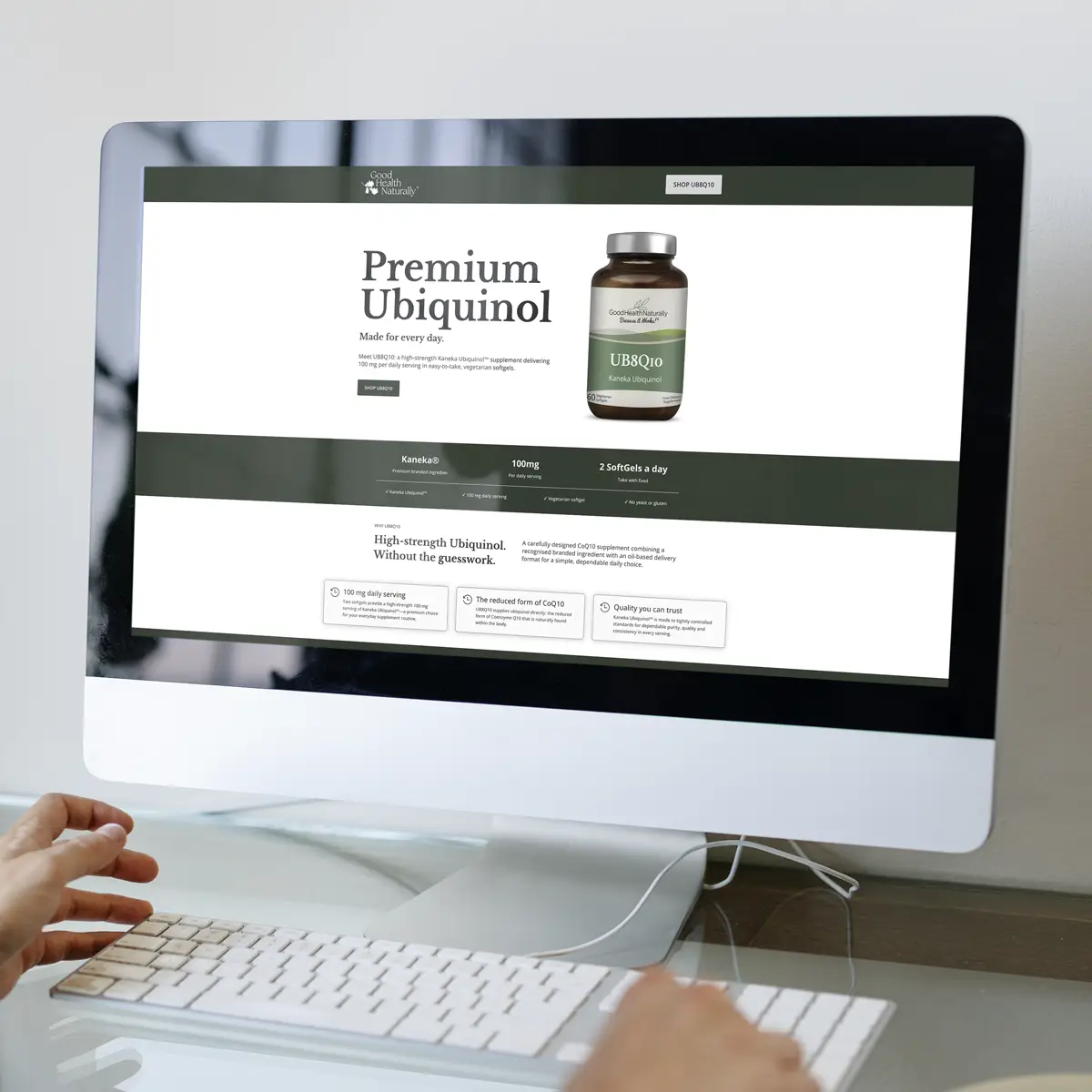 Página de destino de un producto en WordPress para «Good Health Naturally»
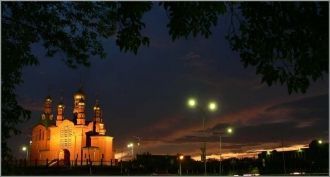 Ночная жизнь в городе Краснокаменск.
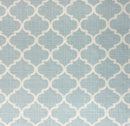 Light Blue Quatrefoil Lattice Geometric Fabric by the yard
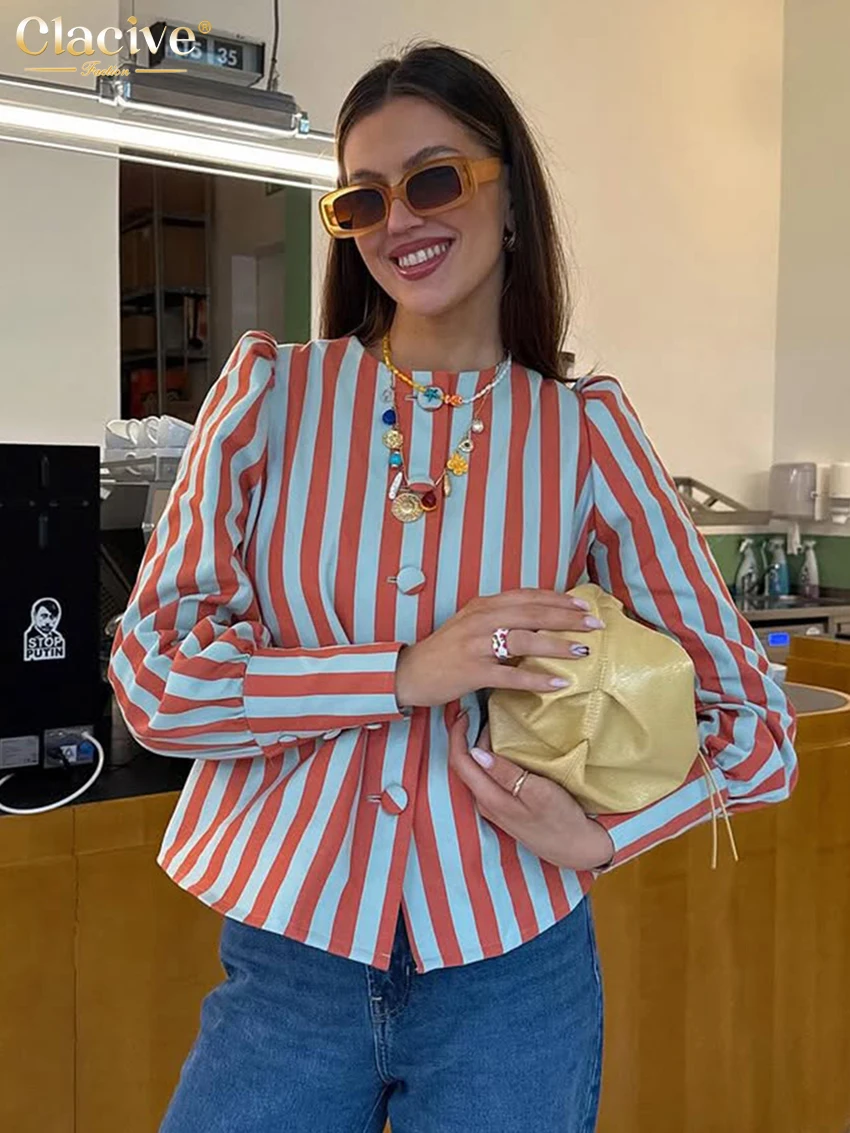 

Clacive модные свободные женские блузки в полоску с принтом, весенние рубашки с круглым вырезом и длинными рукавами, женский элегантный классический топ, женская одежда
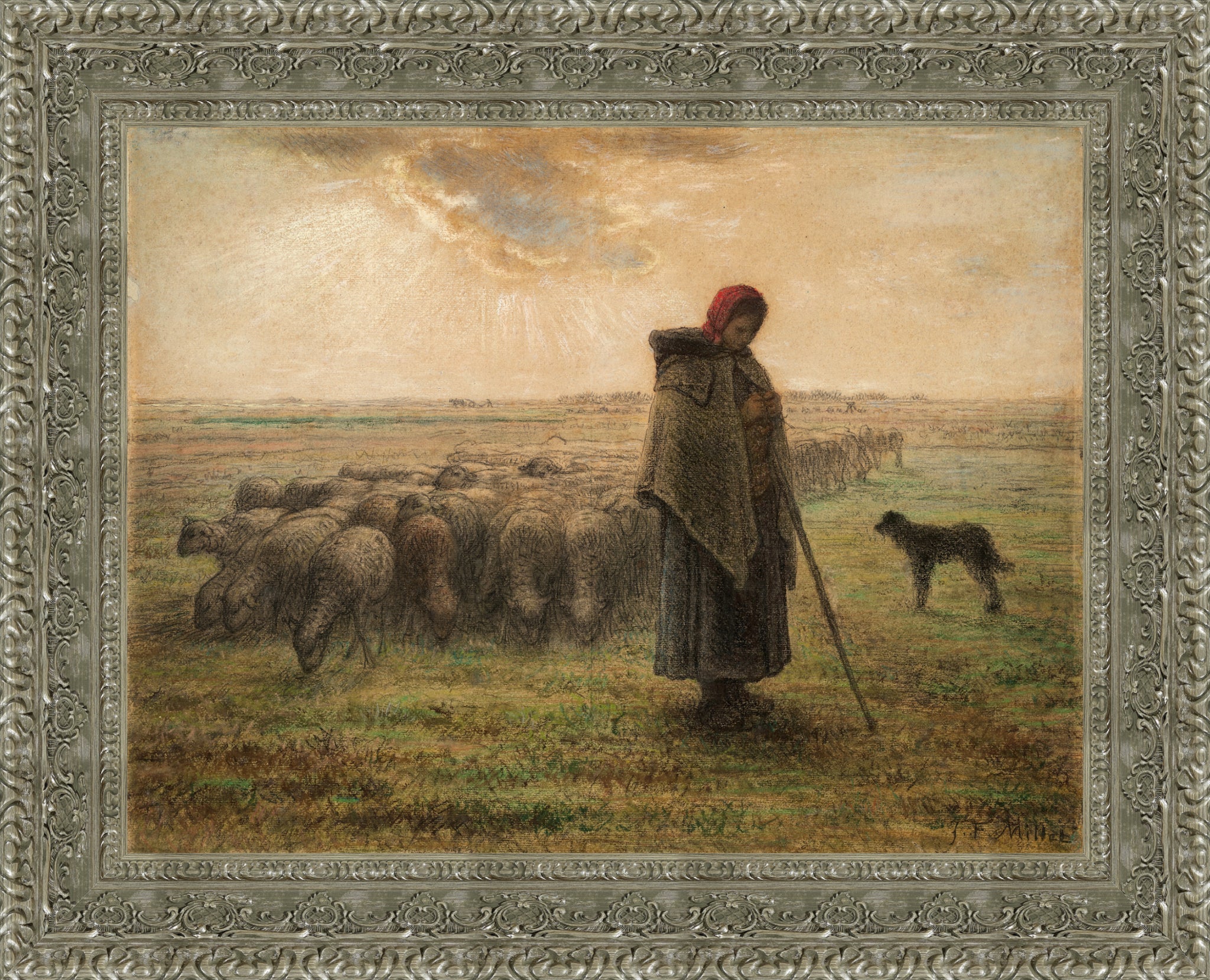 Shepardess with Her Flock (Pastel Study)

■ ■ ■ ■ ■

- _Activity_
Find the line with "Light Blue Quatrefoil". Return it and each line after it through the end of the data, exactly, without pictures.

- _Result of the task_
 Light Blue Quatrefoil Lattice Geometric Fabric by the yard

Clacive модные свободные женские блузки в полоску с принтом, весенние рубашки с круглым вырезом и длинными рукавами, женский элегантный классический топ, женская одежда
 Shepardess with Her Flock (Pastel Study)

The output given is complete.